Gauteng moms in baby swop dilemmaComment on this story
Pretoria - Two Gauteng families are being ripped apart after two baby girls were apparently swopped at birth at a hospital nearly four years ago.
The mistake only recently came to light when one of the fathers insisted on a paternity test.
He was sued for maintenance but blood tests revealed neither he nor the mother were the biological parents of the child.
The hospital has conceded the babies had been swopped.
The mother who first discovered the mistake now wants her biological child back, but the other mom does not want to give up her child. The children turn 4 in August.
This astonishing tale was revealed this week in the chambers of the North Gauteng High Court to Deputy Judge President Aubrey Ledwaba.
He was approached by the Centre for Child Law, which asked for an order to investigate the facts to decide what was in the best interests of the two children.
The head of the centre, Professor Ann Skelton, was appointed as a friend of the court on the side of the two children.
She has the difficult task of investigating all issues pertaining to the children, including how it came about that they were swopped at birth, and how they are presently being cared for.
The girls were switched on the day of their birth, at a Gauteng hospital.
The two have since been in the care, and still are, of their non-biological mothers.
The one mother, after discovering her daughter was not her own, turned to the Children’s Court.
The director of Child Welfare contacted the Centre for Child Law concerning the difficult matter of the baby swopping.
Skelton, in papers handed to the high court, said the chief executive of the Boksburg hospital apparently told the mother her child was with the other mother, identified only as the second respondent.
The latter went for DNA testing but the tests had not yet been made available. Skelton said it was not clear at this stage how the hospital identified the one baby as the first mother’s child and vice versa.
The mothers met at joint therapy sessions provided by the hospital, but the first mother became unhappy with the process and approached the Children’s Court to assist her.
She told that court she wanted her biological daughter placed in her care and the child she was presently caring for to go back to her biological mother. The second mother, however, refused to give up the daughter in her care.
The first mother, adamant that she should have her biological child back, launched formal proceedings.
The high court was the only court empowered to make decisions regarding guardianship of children while the potential conflict of interests between the two mothers and their children required the appointment of a curator, Skelton said.
“Litigation may be inevitable to remedy the tragic situation in which these mothers and children find themselves in.”
Skelton said there was little guidance in law in this regard. The situation needed careful and sensitive management by the correct professionals.
Apart from trying to decide what was right for the children, a curator would be able to appoint lawyers to pursue the children’s interests on possible damages claims against the Health Department.
Skelton said further litigation was a clear possibility, as the one mother wanted to give her non-biological child back, but the other one refused point blank to return the child in her care.

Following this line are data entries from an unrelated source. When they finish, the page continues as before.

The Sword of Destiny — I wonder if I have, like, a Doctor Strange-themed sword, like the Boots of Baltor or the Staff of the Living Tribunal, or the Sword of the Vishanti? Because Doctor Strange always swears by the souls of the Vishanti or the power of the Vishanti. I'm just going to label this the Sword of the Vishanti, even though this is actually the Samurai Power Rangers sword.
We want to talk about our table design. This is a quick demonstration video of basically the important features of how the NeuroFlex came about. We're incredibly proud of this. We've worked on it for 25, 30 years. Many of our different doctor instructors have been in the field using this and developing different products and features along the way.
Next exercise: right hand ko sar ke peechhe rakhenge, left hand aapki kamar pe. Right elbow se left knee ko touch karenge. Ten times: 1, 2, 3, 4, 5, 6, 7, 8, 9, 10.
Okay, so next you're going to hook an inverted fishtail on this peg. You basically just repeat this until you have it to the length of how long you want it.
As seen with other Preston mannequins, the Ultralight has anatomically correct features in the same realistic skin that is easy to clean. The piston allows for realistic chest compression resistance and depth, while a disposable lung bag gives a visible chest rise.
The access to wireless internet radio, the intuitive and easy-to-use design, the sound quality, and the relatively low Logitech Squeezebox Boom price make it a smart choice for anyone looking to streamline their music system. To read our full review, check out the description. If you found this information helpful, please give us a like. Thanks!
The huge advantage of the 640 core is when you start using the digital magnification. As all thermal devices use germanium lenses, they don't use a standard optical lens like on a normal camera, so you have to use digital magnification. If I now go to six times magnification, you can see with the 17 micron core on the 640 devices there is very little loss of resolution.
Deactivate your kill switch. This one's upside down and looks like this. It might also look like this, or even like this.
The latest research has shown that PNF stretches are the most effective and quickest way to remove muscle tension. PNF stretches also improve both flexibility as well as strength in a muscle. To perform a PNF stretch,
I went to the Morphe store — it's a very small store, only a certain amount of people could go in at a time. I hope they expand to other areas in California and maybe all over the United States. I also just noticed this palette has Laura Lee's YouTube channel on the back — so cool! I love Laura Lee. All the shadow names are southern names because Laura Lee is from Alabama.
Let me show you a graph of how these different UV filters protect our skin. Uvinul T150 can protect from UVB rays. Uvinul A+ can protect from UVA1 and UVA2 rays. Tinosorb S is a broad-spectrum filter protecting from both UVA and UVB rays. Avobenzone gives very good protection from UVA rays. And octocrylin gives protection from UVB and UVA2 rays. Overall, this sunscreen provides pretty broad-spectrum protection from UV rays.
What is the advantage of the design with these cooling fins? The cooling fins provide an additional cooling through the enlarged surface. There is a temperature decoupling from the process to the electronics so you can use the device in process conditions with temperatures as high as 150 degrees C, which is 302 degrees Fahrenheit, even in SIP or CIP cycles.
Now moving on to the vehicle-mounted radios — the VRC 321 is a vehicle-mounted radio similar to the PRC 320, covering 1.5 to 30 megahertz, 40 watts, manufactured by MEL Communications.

Following a request by Skelton, the court ruled the parties may not be identified as this was a sensitive and traumatic case for the parties. Identification would have a negative impact on the children.
Skelton accepted this case was in the public interest, especially as it related to the quality of service delivered in public hospitals.
She said the issues had to be resolved as soon as possible to try to mitigate the damage done to the children.
The first mother said she was unemployed and could not support the child without maintenance. However, she could not claim maintenance from the man she believed to be the father, as he was not biologically related to her child.